Metabolic modulation in liver by glucan from Enterococcus hirae (OL616073) via gut-liver axis culture model of steatosis

Metabolic dysfunction associated fatty liver disease (MAFLD) starts with increased fat deposition called steatosis progressing towards steatohepatitis, fibrosis, cirrhosis and end stage liver disease. Dysfunctional metabolism in type-2 diabetes or obesity is associated with gut dysbiosis, causing release of gut microbial endotoxins like lipopolysaccharides (LPS) into the liver via portal circulation also known as gut-liver axis. Endotoxins or LPS signals metabolic changes in the liver initiating steatosis via gut-liver axis. Various pre-clinical models have been studied to evaluate the role of fermented food derived bioactive compounds, thus, preventing the process of steatosis. Among them exopolysaccharides (EPS), as a part of fermented foods have been reported to produce metabolites as a result of gut microbial fermentation, providing liver with health benefits in the form of hypolipidemic, anti-inflammatory and anti-oxidant effects. In the present study, we have evaluated the role of a noble EPS or G (glucan) in the condition of liver steatosis using cell culture model of gut-liver axis by co-culturing Caco-2 and HepG2 cells in transwell culture dishes.
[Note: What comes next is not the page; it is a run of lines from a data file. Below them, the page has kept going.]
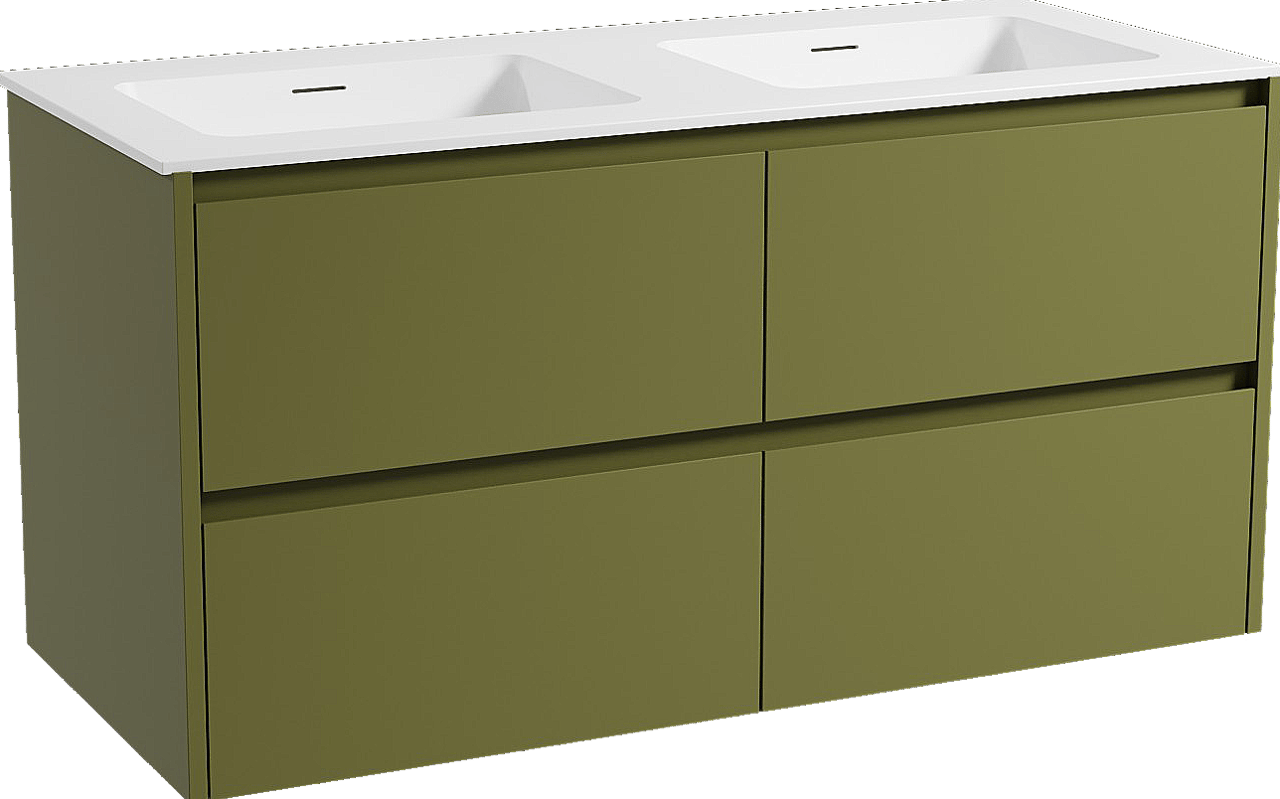 Storke Seda meuble salle de bains suspendu 120 x 52 cm vert olive avec Mata double vasque en solid surface blanc mat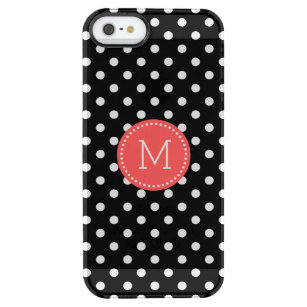 White Black & Coral Red Polka Dots Pattern Clear iPhone SE/5/5s Case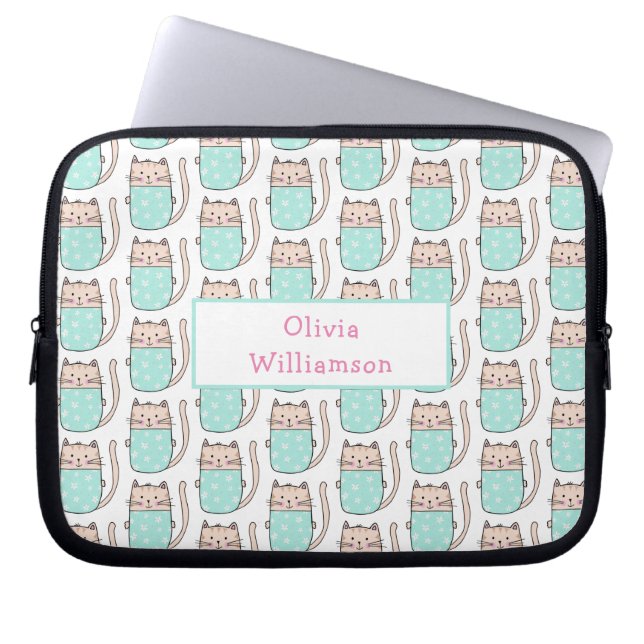 Cute Cat Mönster Laptop Fodral (Framsidan)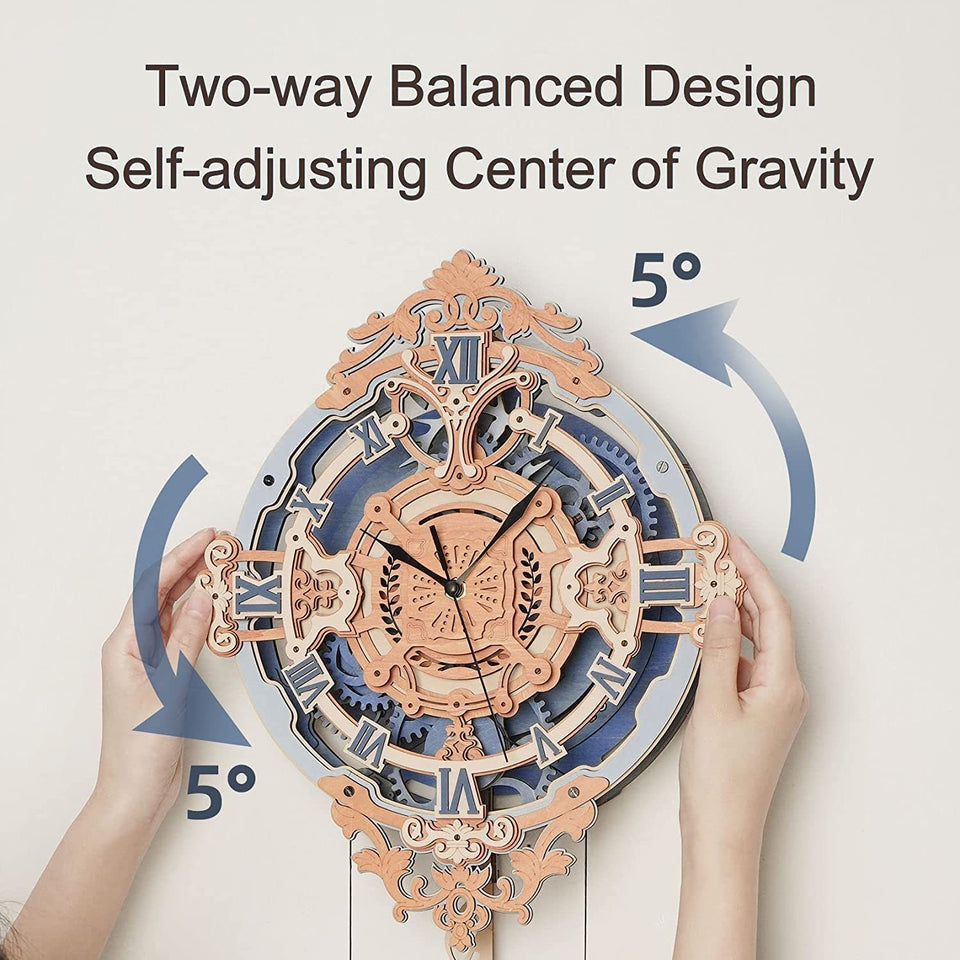 3D Wooden Puzzle Time Wall Clock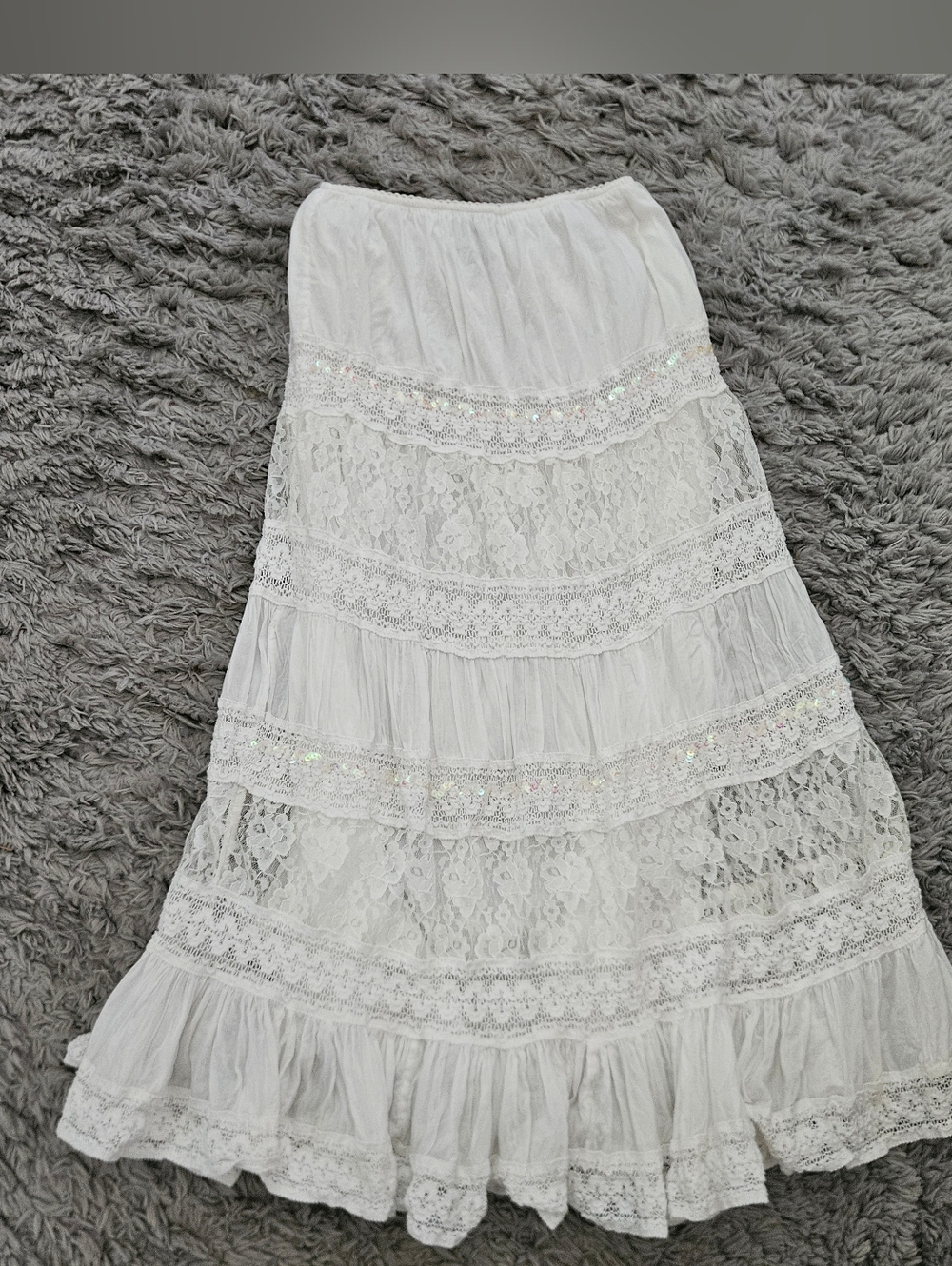 Passports Skirt M Y2K Midi Boho Tiered Cottage Festival Fairy Ethereal Coastal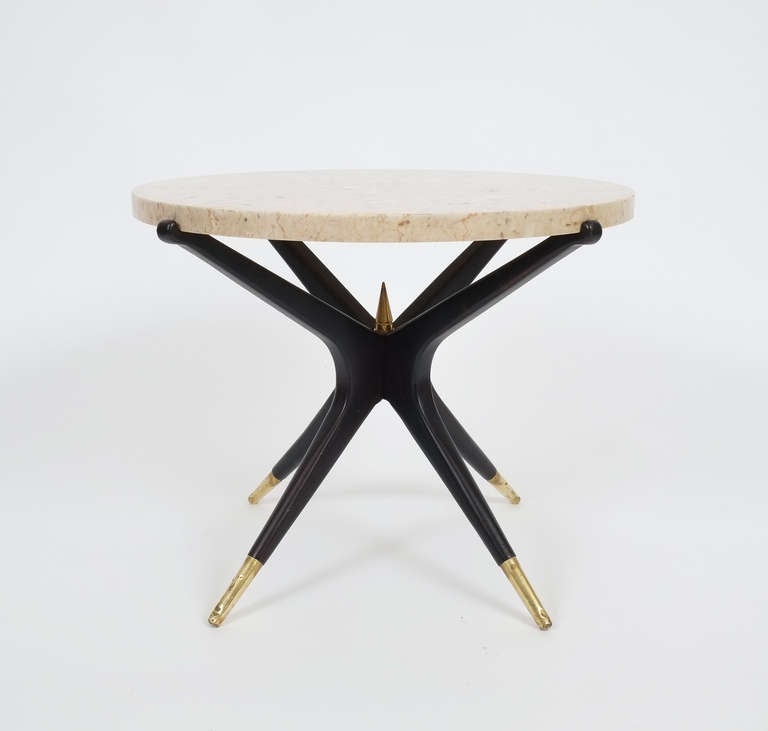 Italian Side Tables With Travertine Tops In The Style of Gio Ponti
LPS was used as an agonist to mimic gut dysbiosis in caco-2 cells in the upper chamber, with or without pre-treatment of G. HepG2 cells cultured in lower chamber were extracted for intracellular metabolites to be analyzed by LC-Q-TOF. The global metabolomic profiles of LPS+G+ and LPS+ treated cells were compared. The primary target of G showed its role in cholesterol and primary bile acid metabolism along with changes in nucleotide, vitamins and branched chain aminoacid metabolites helpful in reducing fatty liver. Future studies with this glucan using targeted metabolomics could confirm biomarkers of therapeutic intervention of steatosis and could be translated into healthy food products with health benefits especially to the liver.